── Data segment ──
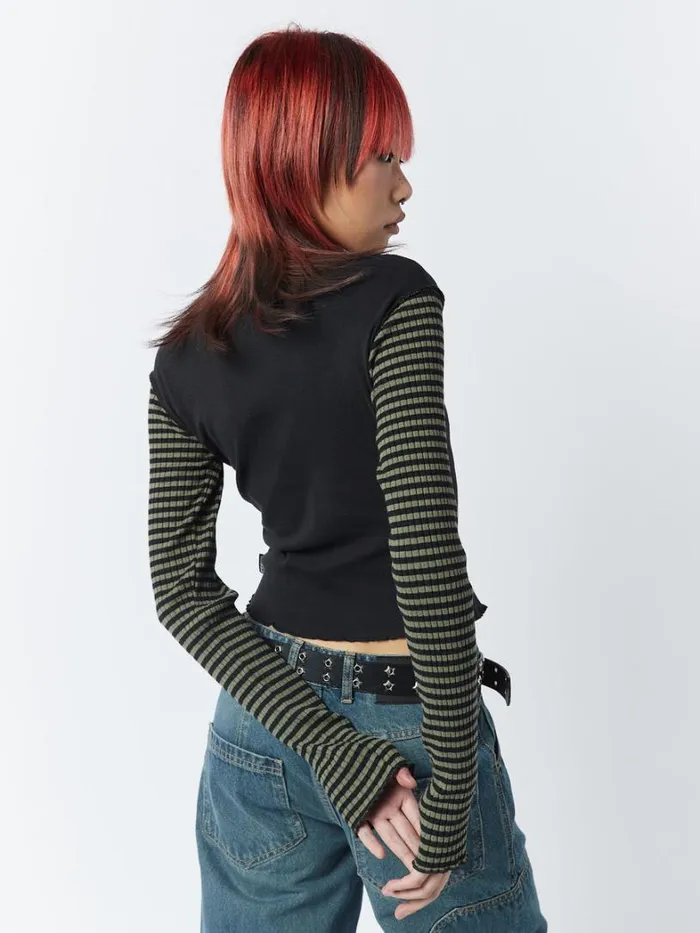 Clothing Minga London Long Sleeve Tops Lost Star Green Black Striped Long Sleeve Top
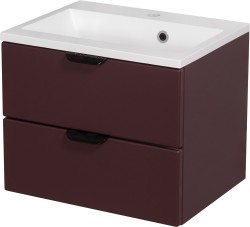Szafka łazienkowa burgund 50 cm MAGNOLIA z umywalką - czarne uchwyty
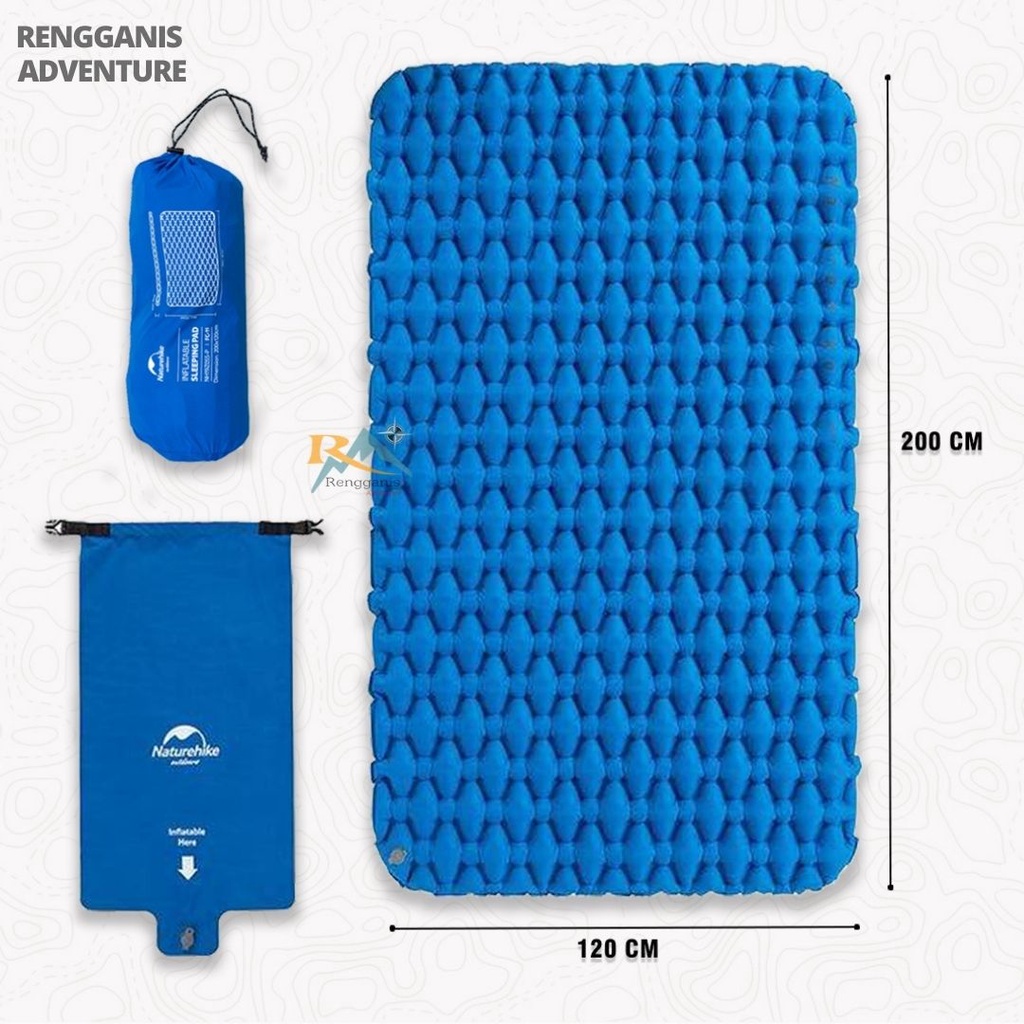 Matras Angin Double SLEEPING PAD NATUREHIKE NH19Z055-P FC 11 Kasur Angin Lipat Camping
───
▶ **Instructions to follow**
Please set down each line of the data above exactly as written, without the pictures.

▶ **Answer to this exercise**
 Clothing Minga London Long Sleeve Tops Lost Star Green Black Striped Long Sleeve Top
Szafka łazienkowa burgund 50 cm MAGNOLIA z umywalką - czarne uchwyty
 Matras Angin Double SLEEPING PAD NATUREHIKE NH19Z055-P FC 11 Kasur Angin Lipat Camping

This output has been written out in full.